Three things are worth tracking. First, whether the FCC narrows the rule's scope around prepaid SIM cards and the proposed ban on virtual addresses, after WISPA's April 23, 2026 ex parte filing flagged small-provider burden [1]. Second, whether the per-call $2,500 forfeiture survives into the report-and-order phase, since that number is the financial lever that makes the rule actually bite. Third, whether the AI-KYC "safe harbor" the FCC floats in paragraph 26 ends up shaping the final rule, given how broadly carriers are already using automated identity tools and how poorly those tools perform for the populations most likely to lack standard government ID [1].

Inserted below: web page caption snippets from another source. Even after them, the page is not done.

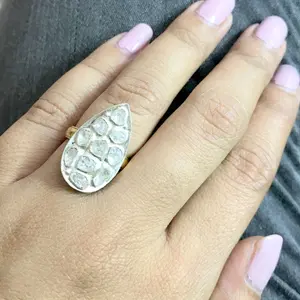 ROSE CUT DIAMONDS- 925 Sterling silver Ring , April birthstone , Halo Diamonds Cluster , Tear Drop Shape Ring ,Lovely Gift For Loved Ones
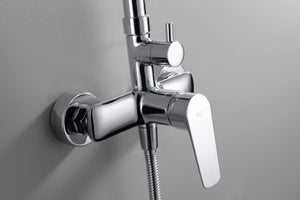 Chrome Single Lever Shower Set Modern Minimalist Design, view 4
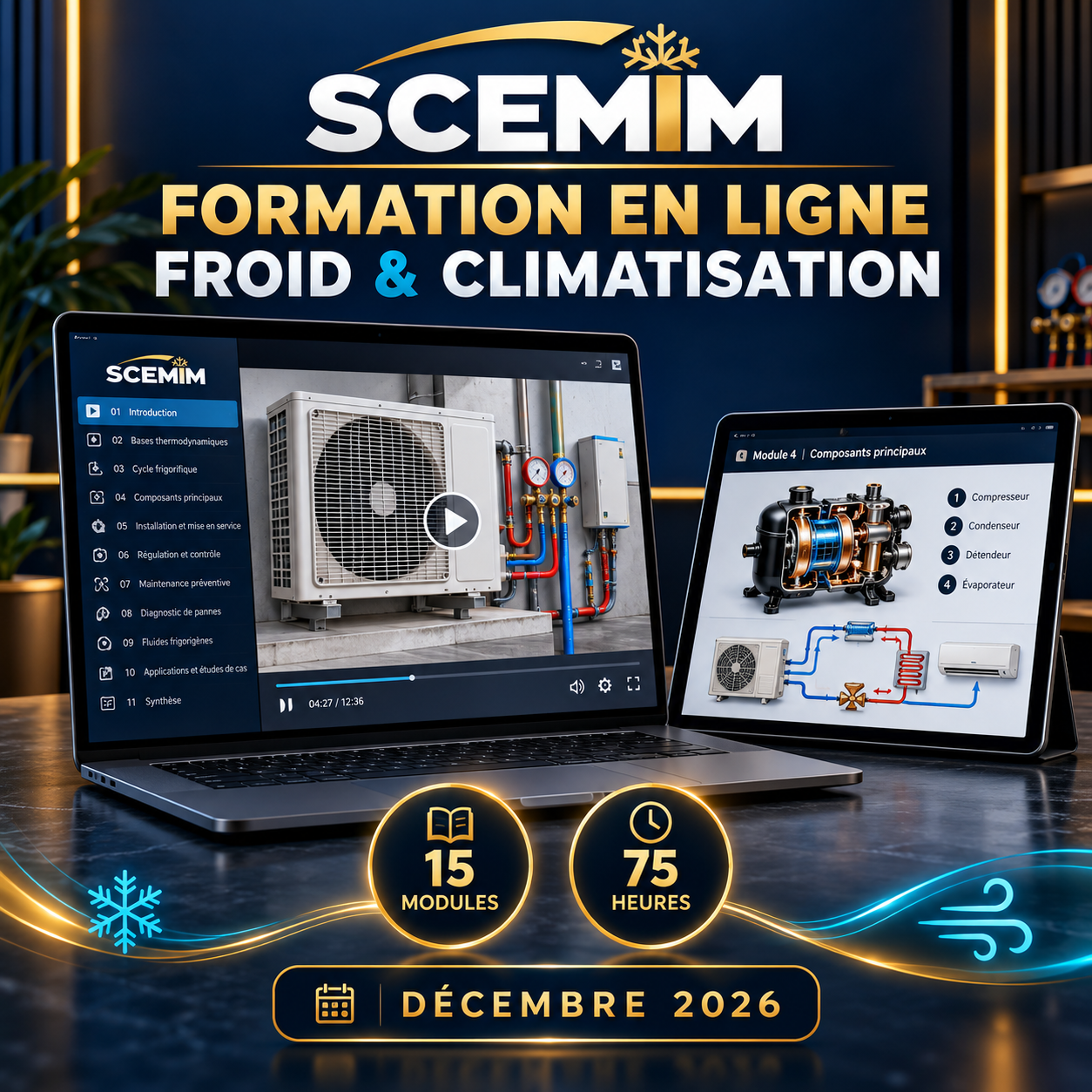 Formation en ligne Réfrigération et climatisation — Promotion décembre 2026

If you rely on prepaid service, a burner phone, or a virtual-office address for a small business line, the window to file comments is open now. Related coverage: the EFF-led analysis of AI scam calls, the deepfake bank-KYC bypass story, and the broader pattern of federal identity mandates feeding data breaches are all live on the news desk.
Sources
- FCC 26-27: Further Notice of Proposed Rulemaking, In the Matter of Advanced Methods to Target and Eliminate Unlawful Robocalls, CG Docket Nos. 17-59 and 02-278 (adopted April 30, 2026, released May 1, 2026)
- EFF Deeplinks: “FCC’s Spam Call Proposal Is Just a Data Collection Scheme” by Chao Liu and Cooper Quintin (June 25, 2026)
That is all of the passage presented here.